Wherever a line in the records below contains "Clear", copy that line.

Caption-style text data

*** Block opens ***

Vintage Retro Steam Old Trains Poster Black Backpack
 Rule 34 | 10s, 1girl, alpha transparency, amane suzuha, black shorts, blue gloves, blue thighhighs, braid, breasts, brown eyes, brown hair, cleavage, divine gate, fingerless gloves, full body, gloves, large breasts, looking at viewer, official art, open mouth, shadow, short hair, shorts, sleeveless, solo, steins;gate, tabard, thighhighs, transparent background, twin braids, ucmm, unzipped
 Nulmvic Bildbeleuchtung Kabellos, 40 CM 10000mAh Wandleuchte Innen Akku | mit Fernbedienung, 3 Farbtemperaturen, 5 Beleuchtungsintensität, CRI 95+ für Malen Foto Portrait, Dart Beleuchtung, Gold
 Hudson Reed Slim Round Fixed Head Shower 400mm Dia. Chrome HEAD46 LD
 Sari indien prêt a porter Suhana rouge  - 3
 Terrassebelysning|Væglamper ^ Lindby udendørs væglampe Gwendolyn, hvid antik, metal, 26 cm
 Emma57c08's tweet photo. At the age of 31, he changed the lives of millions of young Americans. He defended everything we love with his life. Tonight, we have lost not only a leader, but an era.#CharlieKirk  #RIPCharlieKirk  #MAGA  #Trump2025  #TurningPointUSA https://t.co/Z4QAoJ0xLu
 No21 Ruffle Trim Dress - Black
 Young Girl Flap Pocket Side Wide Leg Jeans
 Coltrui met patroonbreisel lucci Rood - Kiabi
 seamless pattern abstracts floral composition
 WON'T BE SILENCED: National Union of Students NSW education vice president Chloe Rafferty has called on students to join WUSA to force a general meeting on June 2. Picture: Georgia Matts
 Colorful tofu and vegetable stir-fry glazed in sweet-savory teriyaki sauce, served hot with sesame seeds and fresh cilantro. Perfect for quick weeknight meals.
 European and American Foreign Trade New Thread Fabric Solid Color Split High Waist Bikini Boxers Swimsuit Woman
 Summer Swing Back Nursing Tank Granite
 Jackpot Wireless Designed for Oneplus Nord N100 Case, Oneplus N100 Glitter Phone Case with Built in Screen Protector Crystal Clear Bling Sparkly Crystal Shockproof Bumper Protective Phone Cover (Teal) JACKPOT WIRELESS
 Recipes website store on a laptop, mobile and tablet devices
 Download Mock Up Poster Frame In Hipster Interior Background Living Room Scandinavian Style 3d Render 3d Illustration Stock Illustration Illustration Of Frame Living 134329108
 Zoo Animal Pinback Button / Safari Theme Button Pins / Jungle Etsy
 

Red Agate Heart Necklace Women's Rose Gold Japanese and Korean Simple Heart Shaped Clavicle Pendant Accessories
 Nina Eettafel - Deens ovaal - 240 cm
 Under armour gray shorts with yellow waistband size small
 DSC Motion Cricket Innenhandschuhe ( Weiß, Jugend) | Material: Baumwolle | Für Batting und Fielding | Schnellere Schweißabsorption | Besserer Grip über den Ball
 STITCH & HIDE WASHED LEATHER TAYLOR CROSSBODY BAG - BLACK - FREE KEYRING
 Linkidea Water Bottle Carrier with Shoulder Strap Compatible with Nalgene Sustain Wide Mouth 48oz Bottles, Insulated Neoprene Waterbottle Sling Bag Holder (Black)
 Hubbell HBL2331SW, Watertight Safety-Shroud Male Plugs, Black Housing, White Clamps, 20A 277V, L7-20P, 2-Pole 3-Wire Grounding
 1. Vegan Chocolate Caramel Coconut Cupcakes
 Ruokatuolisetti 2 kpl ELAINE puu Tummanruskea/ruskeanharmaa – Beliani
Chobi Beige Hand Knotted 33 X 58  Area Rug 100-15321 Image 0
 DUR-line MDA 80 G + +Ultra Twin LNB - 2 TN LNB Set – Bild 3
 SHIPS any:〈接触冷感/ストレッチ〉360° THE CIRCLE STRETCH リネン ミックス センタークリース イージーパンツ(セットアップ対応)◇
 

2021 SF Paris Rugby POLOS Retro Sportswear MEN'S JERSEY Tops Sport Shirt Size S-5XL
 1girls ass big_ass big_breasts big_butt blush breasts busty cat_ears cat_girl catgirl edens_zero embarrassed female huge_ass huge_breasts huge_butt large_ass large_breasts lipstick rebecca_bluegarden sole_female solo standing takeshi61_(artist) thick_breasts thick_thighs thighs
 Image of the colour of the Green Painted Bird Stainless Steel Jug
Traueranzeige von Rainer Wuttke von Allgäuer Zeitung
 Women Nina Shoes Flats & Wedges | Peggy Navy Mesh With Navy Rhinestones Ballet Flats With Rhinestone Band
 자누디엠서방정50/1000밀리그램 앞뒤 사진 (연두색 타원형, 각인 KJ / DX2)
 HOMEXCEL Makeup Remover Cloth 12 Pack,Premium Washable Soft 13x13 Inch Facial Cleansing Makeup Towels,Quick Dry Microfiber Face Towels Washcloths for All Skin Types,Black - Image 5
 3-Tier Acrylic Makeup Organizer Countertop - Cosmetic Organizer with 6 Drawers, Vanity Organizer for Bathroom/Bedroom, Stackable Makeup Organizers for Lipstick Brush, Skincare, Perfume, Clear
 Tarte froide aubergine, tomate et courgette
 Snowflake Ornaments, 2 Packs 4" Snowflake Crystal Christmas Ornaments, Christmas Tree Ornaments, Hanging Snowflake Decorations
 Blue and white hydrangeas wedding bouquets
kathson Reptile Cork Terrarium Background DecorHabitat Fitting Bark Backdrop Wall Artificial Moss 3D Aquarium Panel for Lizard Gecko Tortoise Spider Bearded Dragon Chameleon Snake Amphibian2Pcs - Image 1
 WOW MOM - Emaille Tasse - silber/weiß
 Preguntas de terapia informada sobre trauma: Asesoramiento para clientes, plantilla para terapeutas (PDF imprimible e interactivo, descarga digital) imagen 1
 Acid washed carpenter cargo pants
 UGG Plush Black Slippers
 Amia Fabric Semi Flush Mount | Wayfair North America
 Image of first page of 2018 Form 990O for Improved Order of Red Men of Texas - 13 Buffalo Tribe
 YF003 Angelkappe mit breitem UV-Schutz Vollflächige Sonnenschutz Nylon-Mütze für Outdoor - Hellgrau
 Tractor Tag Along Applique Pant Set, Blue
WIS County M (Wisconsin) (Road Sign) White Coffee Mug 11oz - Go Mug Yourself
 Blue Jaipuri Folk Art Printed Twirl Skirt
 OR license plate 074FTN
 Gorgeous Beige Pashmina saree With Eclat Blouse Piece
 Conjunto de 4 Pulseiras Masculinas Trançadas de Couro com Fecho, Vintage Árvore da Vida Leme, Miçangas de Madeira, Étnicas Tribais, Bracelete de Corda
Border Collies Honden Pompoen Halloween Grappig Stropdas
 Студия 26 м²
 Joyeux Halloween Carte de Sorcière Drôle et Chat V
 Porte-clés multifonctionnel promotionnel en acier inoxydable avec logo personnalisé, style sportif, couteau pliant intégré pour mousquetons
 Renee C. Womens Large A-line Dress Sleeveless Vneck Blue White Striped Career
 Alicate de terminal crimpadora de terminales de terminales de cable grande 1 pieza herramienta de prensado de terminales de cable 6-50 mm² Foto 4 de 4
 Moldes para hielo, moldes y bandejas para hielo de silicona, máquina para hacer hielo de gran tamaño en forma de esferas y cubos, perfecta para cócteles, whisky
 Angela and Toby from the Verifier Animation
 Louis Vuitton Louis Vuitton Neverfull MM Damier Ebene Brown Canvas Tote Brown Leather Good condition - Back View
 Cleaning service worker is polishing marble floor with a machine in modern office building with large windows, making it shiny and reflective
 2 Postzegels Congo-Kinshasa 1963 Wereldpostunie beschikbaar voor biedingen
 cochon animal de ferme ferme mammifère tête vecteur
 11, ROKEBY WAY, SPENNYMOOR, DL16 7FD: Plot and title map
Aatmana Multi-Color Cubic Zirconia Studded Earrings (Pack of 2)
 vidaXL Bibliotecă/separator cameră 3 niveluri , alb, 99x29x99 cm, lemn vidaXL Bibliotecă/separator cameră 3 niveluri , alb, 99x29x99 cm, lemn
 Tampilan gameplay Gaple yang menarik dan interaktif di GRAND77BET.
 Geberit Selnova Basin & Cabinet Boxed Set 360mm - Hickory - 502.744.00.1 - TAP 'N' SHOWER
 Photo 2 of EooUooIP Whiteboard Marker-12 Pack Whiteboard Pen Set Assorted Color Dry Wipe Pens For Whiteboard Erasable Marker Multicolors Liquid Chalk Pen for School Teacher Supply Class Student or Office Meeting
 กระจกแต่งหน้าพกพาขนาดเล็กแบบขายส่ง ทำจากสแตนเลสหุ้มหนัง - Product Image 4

*** Block closes ***

* [SOLUTION]
 Jackpot Wireless Designed for Oneplus Nord N100 Case, Oneplus N100 Glitter Phone Case with Built in Screen Protector Crystal Clear Bling Sparkly Crystal Shockproof Bumper Protective Phone Cover (Teal) JACKPOT WIRELESS
 3-Tier Acrylic Makeup Organizer Countertop - Cosmetic Organizer with 6 Drawers, Vanity Organizer for Bathroom/Bedroom, Stackable Makeup Organizers for Lipstick Brush, Skincare, Perfume, Clear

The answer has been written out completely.